The $9,275,471 spending plan calls for hiking the tax levy from $2,316,971 to $2,412,231. The tax levy is the amount of revenue collected from property owners within the district. The 4.11 percent hike is within the state’s tax cap limit.

School Superintendent Ann M. Adams described the budget plan as a “solid, no-frills educational program.”

“As a board, we have tried to maintain a reasonable spending plan while trying to maintain quality programs for children,” Ms. Adams said.

The budget foretells a 2.53 percent spending hike — a $95,260 increase — over the current year’s outlays of $9,046,426.

If voters approve the plan, the tax rate is expected to increase from $16.76 per $1,000 of assessed property valuation to $17.45 this year.
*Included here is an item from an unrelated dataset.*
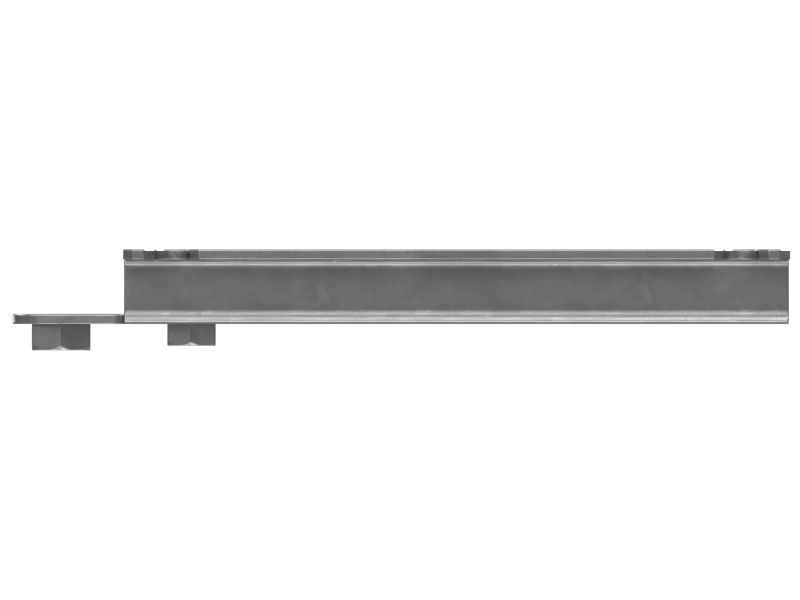 Fuel Transfer Pump Mounting Plate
To illustrate the tax hike’s impact, Ms. Adams said taxes for a home assessed at $60,000 that receives the Basic STAR exemption would increase by $43.35, going from $442.64 to $485.99 next year.
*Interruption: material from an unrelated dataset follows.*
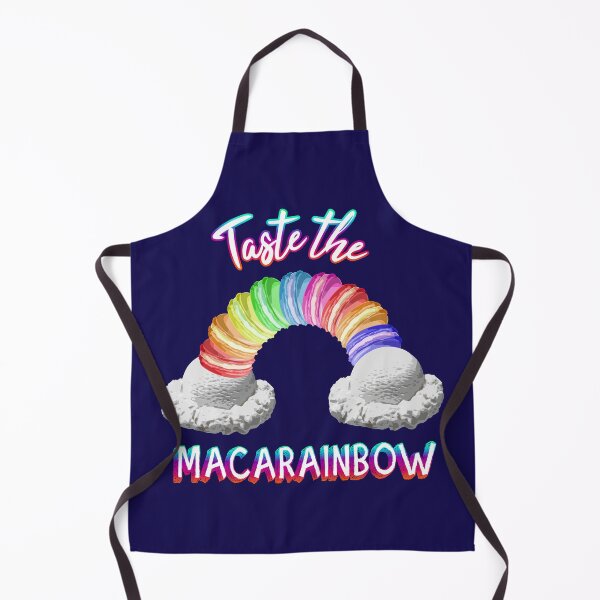 Item preview, Taste the Maca-rainbow Rainbow Macaron designed and sold by LeGND.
The board adopted the budget unanimously on April 7. A public hearing on the budget is scheduled for 7 p.m. May 12 in the district’s library. Voters head to the polls from 1 to 9 p.m. May 20 to vote on the budget and fill two open school board seats. Incumbents Ronald Smith and Richard Hamilton are running unopposed for re-election to five-year terms.
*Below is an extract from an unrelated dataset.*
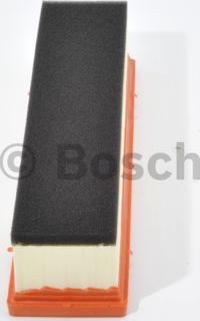 BOSCH F 026 400 051 - Воздушный фильтр, двигатель onlydrive.pro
A separate proposition to purchase a full-sized bus costing $122,000 or less also will be on the ballot.

Further state aid added to Gov. Andrew M. Cuomo’s proposed budget allows the district to add library aid and purchase new sports uniforms, Ms. Adams said.

The district is slated to receive $6,133,150 in state aid, $61,007 more than this year, a 1 percent hike. The amount is still lower than what it received in the 2008-09 school year.

“The fact that state aid for education does not meet the local needs is the cause for many of the rising costs of education falling increasingly on the local school districts,” Ms. Adams said.

Next year the district plans to allocate $705,090 from the unreserved fund balance to the operating budget. This compares with $632,121 in this year’s budget.

Funding for universal pre-kindergarten likewise is available.

Through federal aid, the district will continue to receive Title I funding and money for special education.

The district continues to contract for St. Lawrence-Lewis Board of Cooperative Educational Services for several programs. The district is reimbursed 80 percent for most of those costs through state aid.

Besides the May budget hearing, the district also has scheduled a community forum at 7 p.m. April 30 at the school. Discussion will include a summary of the community committee’s discussions, budget highlights, the Booster Club, Northern New York Foundation functions and future priorities.